If you want to know if your cooling system works the driveway test is to take the water inlet off the bottom of your boat, usually this is one hose clamp, pull the hose free and insert it in a 5 gallon bucket.  Fill the bucket nearly to the top and start the engine.   Have your hose ready to keep the bucket filled as the engine runs.  A good working raw water pump will pull a normal flow through the engine, enough to empty the 5 gallon bucket in just a minute or so.  If your raw water pump is not working it will not pass this test in the bucket or on the lake.
I have had impellers fail slowly.  First sign is they will not pick up enough water at idle so temps start rising.  Speed up and the temps drop to normal.  On tear down the impeller looks good.  Close inspection shows that impeller has scratches on the vanes from stuff going through the system or they are stiff and shiny, just these scratches can cause the impeller to loose some suction.   New impeller solves this issue.   I live in the HOT west, impellers only last 2 years out here.   Run them 3 years and they fail and leave you stranded.   Age and heat kills them not the amount of use.  Maybe in Canada they last 10 years but not in Sacramento CA.   

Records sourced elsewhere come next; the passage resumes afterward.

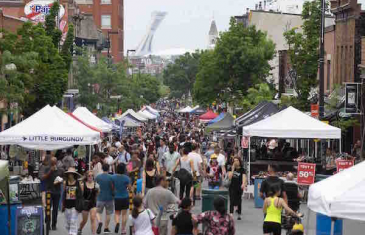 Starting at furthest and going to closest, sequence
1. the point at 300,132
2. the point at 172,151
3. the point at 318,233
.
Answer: the point at 300,132 < the point at 172,151 < the point at 318,233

Any leak on the suction side will cause the identical issues.  Every hose, clamp and connection has to be sealed tight.
As far as blockages causing overheats, yep, that happens also.  Someone may have had an impeller fall apart 3 years ago, if the chunks from the failed impeller get in the wrong spot you will have overheat.
Rule of thumb, if an impeller falls apart on your boat, keep tearing things down till you find all the lost chunks.  They will be in the cooling system somewhere and haunt you if you don't find and remove them.
The best $30 bucks you will spend is for a new impeller ever 2 years.  You will never have a failure.  We went on a 4 day ski trip with friends, one buddy had an impeller failure on the first day, he borrowed my spare.  After install the boat kept overheating.  I kept telling him to pull all the hoses and find all the chunks that were missing from the failed impeller.  He kept trying to shortcut the repair with no success.  Finally he took everything apart and found the missing chunks and his boat worked like new again.   As already mentioned the chunks can block the exhaust cooling or the engine cooling.   
I hope you have your boat ready for use.  Summer is here!

I think it was already mentioned but adding a "Timmy T" to your coolant intake line saves a lot of time and eliminates the need for a bucket to test your cooling system before taking the boat off your driveway.   I added mine several years ago.  Thanks to Tim Benjamin for teaching us how to add that nice tool.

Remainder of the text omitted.